If you order a cup of tea in an Antibes café you get a cup of warm water with a tea-bag on the side. (I once made my French electrician a cup of tea, British temperature, and he sat in front of it for about 15 minutes terrified to take a second sip.) The tea-bag is usually Lipton’s – the yellow sachet of bog standard tea you find on mainland Europe and in the USA but rarely, if ever, in the UK – or, if you specifically ask for it, a bag of thé vert a la menthe, green tea with mint, also delivered with warm water.

Then there are the herbal teas, although they aren’t called teas here (which makes sense given they’ve never even rubbed up against a tealeaf) but tisanes which are pretty identical to the range of herbal sachets in the UK. You know the ones? They all smell different but all taste the same, a kind of cross between Beecham’s powder and fruit sherbert?

Bill Bryson talks about tea’s dramatic history and the growth of Britain’s sweet and milky love for it, in the chapter on ‘The Dining Room’ in At Home, A Short History of Private Life. While I drink mine strong (builders’ strength) with only a dash of milk and a good squirt of honey I am definitely genetically programmed to that British predilection of tea at anytime of the day. In fact, here comes one right now.

I avoided any tea issues with Josiane and Lydie by serving champagne instead.

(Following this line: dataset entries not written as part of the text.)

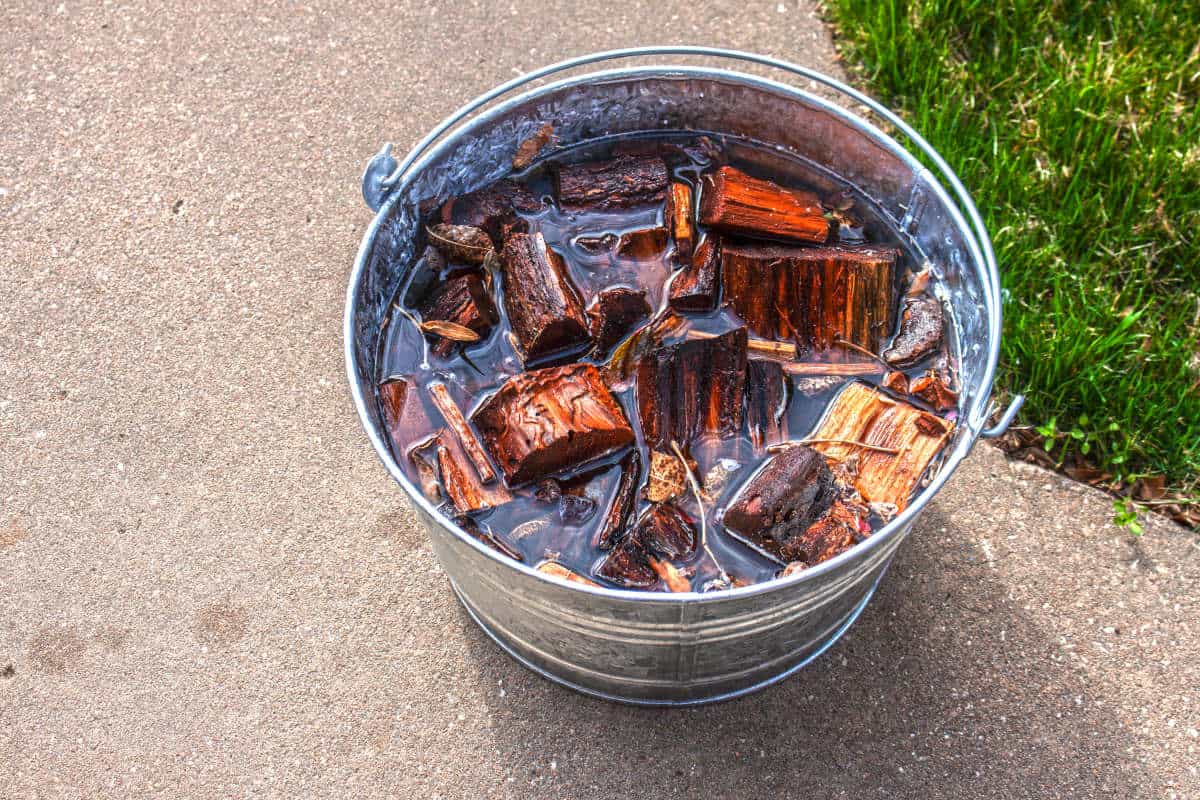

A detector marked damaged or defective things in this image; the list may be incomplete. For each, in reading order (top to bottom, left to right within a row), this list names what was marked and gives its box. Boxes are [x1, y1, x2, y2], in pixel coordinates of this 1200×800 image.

charred dark wood piece [441, 181, 540, 241]
charred dark wood piece [554, 154, 672, 211]
charred dark wood piece [667, 181, 696, 256]
charred dark wood piece [700, 165, 830, 244]
charred dark wood piece [420, 273, 499, 357]
charred dark wood piece [496, 230, 590, 364]
charred dark wood piece [588, 284, 652, 352]
charred dark wood piece [667, 235, 720, 311]
charred dark wood piece [715, 241, 897, 359]
charred dark wood piece [883, 296, 945, 367]
charred dark wood piece [470, 364, 638, 489]
charred dark wood piece [633, 326, 744, 450]
charred dark wood piece [744, 362, 792, 453]
charred dark wood piece [595, 450, 643, 551]
charred dark wood piece [720, 443, 835, 556] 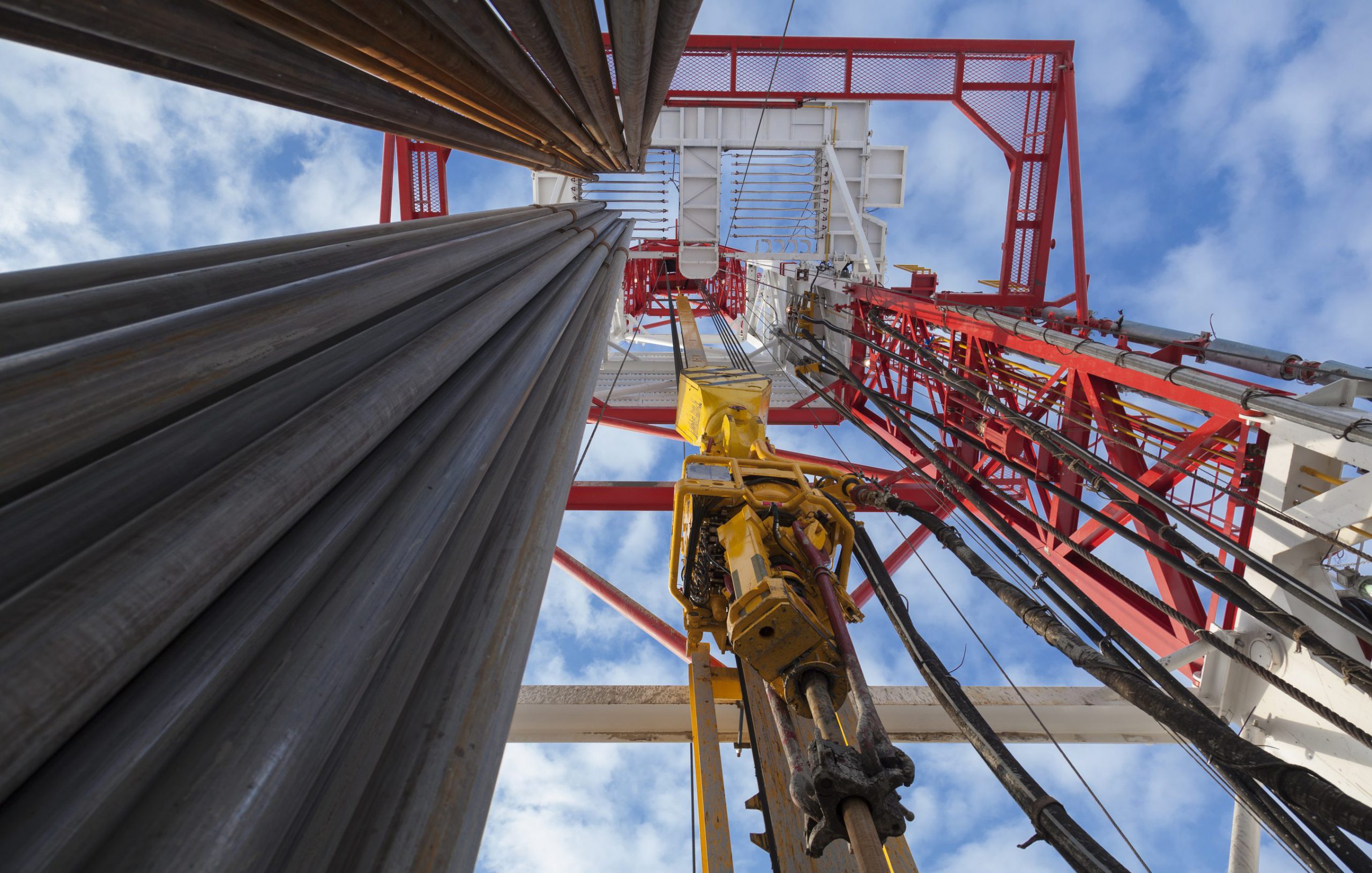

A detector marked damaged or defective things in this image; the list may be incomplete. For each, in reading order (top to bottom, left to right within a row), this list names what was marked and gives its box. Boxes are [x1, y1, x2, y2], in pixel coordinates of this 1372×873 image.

You know that motto: When in doubt, drink champagne?

Living outside of Britain for the greater part of five years has made me reflect on a lot of cultural differences, far more than I thought there would be. But that's the subject of another hungry writer post, appropriately one of the last ones that will come from France. See you next week.

Hungry Writing Prompts
  1. Write about Sunday.
  2. Write about forced politeness.
  3. Write about excess.
  4. Write about eating in a foreign country.
  5. Write about anything you’d like to do but don’t feel equipped, or programmed, to do.

 A dozen fluffy little scones

175 g plain flour
good pinch of salt
1 tsp cream of tartar
half a teaspoon bicarbonate of soda
42 g cold butter cut into cubes
2 tbsp golden caster sugar
75 g natural full-fat yogurt
2 tbsp full-fat milk
half tsp vanilla extract

egg beaten with 1 tbsp milk, to glaze

  • Put a baking tray in the oven at 220C or gas no. 7.
  • Seive the flour, baking powders and salt into a bowl, add the chopped butter and rub in until it goes breadcrumby.
  • Mix in the sugar and shape a well in the middle of this dry mixture
  • Warm the yogurt, milk and vanilla together in the microwave for 30 seconds to 1 min or in a pan. Make sure it’s hot and don’t worry if it looks curdled.
  • Add this to the bowl and quickly work it into the flour mix using a fork.
  • Tip the dough onto a floured surface and fold it into itself a few times until it’s smooth.
Press it out to about a 2 cm thickness and use a small fluted cutter (mine’s about 4.5 cm in diameter) dipped in flour to cut out your scones. (You can, of course, make thicker and bigger scones and that would be Tony’s choice. When he’s presented with small portions of anything – cheese, cake, a dollop of cream – he always refers to them as ‘welsh’ portions. Are you wondering how we’ve managed to stay together for 26 years?!)

Brush the tops with the egg and milk, scatter flour over the hot sheet, then pop the scones on to bake for about 8 to 10 minutes. Keep an eye on them. They might need less.

Eat them all up straight away. Or you could keep them for later in the day.